KPI to enter into regional federation
Indonesia’s Seafarer Union, Kesatuan Pelaut Indonsia (KPI) has agreed to enter into a federation with transport unions from Papua New Guinea, Australia and New Zealand after a formative meeting in Kupang today.
The Maritime International Federation (MIF) aims to bring together unions with similar intentions in order to secure jobs for local maritime workers to ensure wealth created in the region is benefiting local communities.
The meeting also endorsed an official launch date of the MIF at the beginning of the next financial year.

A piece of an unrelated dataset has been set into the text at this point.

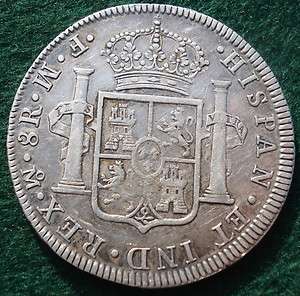 RARE SPANISH COLONIAL MEXICO 1772 FM INVERTED 8 REALES VERY FINE KM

In addition to KPI, the MIF consists of the Maritime Union of Australia (MUA), Maritime Union of New Zealand (MUNZ) and Papua New Guinea Maritime and Transport Worker’s Union (PNGTWU) and has the potential to include the East Timorese union, SMETL and other unions in the Asia Pacific region.
International Transport Workers’ Federation (ITF) President and MUA National Secretary Paddy Crumlin said private companies supported by certain neo-liberal governments were consistently trying to undermine organised labour and to defend against these attacks, unions had to work together.
“One of the major growth areas for jobs is the Asia Pacific and the international trade union movement hasn’t been able to keep up with this growth,” Mr Crumlin said.
“We need a new model and a federation of like-minded unions is one of the ways we can change the old, tired model to build capacity and drive membership.”
KPI President Hanafi Rustandi said the MIF was an exciting concept and would give the union more bargaining leverage and ability to organise members.
Mr Rustandi talked about how a MIF would help the union extend into the burgeoning hydrocarbon industry, at places like Kupang.
MUNZ National Secretary Joe Fleetwood said unions need to secure decent paying jobs to create a future and a career path for all.
“A federation with our neighbours works in the interest of New Zealand’s working class, as well as the working class in the other countries,” Mr Fleetwood said
“Some of the companies we come across have the wealth to influence Governments, some companies, like Chevron, are financially bigger than New Zealand.
“As a result we need to grow our strength using our sheer numbers.”